* [DATA IN THIS EXERCISE]
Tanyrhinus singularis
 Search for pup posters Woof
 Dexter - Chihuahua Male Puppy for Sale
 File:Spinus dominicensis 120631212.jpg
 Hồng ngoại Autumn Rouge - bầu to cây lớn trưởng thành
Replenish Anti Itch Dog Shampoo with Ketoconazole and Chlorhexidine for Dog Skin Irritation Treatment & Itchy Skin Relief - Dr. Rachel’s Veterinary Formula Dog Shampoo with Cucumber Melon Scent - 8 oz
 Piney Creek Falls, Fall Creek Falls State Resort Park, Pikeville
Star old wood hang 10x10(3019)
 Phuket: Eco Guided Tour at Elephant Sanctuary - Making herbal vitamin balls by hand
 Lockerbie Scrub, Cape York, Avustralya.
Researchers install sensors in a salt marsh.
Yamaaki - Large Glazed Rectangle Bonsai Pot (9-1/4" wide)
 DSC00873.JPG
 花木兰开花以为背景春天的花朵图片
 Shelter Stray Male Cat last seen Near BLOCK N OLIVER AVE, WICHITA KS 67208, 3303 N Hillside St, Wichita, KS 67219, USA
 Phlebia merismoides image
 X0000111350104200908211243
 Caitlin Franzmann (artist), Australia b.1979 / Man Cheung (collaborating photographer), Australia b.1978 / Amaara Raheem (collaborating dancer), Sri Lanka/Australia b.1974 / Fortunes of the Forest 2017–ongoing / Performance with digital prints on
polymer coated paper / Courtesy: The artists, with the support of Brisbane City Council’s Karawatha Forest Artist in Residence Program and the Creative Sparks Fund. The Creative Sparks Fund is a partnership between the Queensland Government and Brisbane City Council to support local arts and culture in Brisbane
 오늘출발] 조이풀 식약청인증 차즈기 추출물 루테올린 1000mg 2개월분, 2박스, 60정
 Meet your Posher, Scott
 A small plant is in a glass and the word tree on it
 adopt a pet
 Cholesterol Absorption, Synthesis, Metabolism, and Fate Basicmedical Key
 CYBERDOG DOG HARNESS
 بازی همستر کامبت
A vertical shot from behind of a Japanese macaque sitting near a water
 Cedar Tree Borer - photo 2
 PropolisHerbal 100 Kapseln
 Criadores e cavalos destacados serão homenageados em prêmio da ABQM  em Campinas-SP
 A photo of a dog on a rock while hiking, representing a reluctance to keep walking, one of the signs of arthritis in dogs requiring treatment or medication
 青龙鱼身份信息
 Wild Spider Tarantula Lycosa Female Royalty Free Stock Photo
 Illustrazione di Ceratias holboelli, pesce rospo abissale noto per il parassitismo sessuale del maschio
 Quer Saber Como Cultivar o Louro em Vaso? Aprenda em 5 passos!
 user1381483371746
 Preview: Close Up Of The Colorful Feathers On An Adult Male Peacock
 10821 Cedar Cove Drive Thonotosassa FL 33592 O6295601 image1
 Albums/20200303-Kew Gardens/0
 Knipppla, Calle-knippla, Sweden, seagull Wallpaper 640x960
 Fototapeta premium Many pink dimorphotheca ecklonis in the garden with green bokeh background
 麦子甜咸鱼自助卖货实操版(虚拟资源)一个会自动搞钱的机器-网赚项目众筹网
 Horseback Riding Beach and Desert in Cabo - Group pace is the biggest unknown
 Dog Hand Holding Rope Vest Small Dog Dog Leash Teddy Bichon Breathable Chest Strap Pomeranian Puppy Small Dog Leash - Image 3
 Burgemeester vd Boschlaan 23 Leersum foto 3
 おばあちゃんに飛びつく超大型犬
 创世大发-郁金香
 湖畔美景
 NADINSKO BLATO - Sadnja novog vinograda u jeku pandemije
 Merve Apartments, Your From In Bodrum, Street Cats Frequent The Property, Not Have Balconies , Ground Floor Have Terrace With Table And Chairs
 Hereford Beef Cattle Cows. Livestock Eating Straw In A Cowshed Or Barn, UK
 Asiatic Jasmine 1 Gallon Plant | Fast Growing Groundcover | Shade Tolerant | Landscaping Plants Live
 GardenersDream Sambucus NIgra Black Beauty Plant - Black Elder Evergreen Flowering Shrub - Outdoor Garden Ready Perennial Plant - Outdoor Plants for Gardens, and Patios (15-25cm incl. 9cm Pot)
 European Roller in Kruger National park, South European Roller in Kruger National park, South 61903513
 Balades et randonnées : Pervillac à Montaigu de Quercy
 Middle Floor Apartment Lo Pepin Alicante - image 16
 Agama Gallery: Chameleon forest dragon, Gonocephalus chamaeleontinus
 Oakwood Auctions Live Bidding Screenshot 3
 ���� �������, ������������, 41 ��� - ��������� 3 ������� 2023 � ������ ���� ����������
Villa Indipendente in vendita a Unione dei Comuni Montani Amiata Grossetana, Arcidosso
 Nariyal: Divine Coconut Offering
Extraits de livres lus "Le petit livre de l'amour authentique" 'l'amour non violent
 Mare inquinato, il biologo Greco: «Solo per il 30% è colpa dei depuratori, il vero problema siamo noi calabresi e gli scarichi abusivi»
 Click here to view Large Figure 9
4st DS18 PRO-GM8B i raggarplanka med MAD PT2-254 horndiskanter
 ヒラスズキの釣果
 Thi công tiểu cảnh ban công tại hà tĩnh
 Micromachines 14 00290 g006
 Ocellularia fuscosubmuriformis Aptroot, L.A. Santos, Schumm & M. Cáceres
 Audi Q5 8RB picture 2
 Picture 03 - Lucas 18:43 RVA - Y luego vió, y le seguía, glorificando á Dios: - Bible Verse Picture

* [TASK DESCRIPTION] Starting at the line that contains "Burgemeester vd Boschlaan 23 Leersum foto 3", copy every line down to the last line of the records above, exactly as written.

* [YOUR SOLUTION]
 Burgemeester vd Boschlaan 23 Leersum foto 3
 おばあちゃんに飛びつく超大型犬
 创世大发-郁金香
 湖畔美景
 NADINSKO BLATO - Sadnja novog vinograda u jeku pandemije
 Merve Apartments, Your From In Bodrum, Street Cats Frequent The Property, Not Have Balconies , Ground Floor Have Terrace With Table And Chairs
 Hereford Beef Cattle Cows. Livestock Eating Straw In A Cowshed Or Barn, UK
 Asiatic Jasmine 1 Gallon Plant | Fast Growing Groundcover | Shade Tolerant | Landscaping Plants Live
 GardenersDream Sambucus NIgra Black Beauty Plant - Black Elder Evergreen Flowering Shrub - Outdoor Garden Ready Perennial Plant - Outdoor Plants for Gardens, and Patios (15-25cm incl. 9cm Pot)
 European Roller in Kruger National park, South European Roller in Kruger National park, South 61903513
 Balades et randonnées : Pervillac à Montaigu de Quercy
 Middle Floor Apartment Lo Pepin Alicante - image 16
 Agama Gallery: Chameleon forest dragon, Gonocephalus chamaeleontinus
 Oakwood Auctions Live Bidding Screenshot 3
 ���� �������, ������������, 41 ��� - ��������� 3 ������� 2023 � ������ ���� ����������
Villa Indipendente in vendita a Unione dei Comuni Montani Amiata Grossetana, Arcidosso
 Nariyal: Divine Coconut Offering
Extraits de livres lus "Le petit livre de l'amour authentique" 'l'amour non violent
 Mare inquinato, il biologo Greco: «Solo per il 30% è colpa dei depuratori, il vero problema siamo noi calabresi e gli scarichi abusivi»
 Click here to view Large Figure 9
4st DS18 PRO-GM8B i raggarplanka med MAD PT2-254 horndiskanter
 ヒラスズキの釣果
 Thi công tiểu cảnh ban công tại hà tĩnh
 Micromachines 14 00290 g006
 Ocellularia fuscosubmuriformis Aptroot, L.A. Santos, Schumm & M. Cáceres
 Audi Q5 8RB picture 2
 Picture 03 - Lucas 18:43 RVA - Y luego vió, y le seguía, glorificando á Dios: - Bible Verse Picture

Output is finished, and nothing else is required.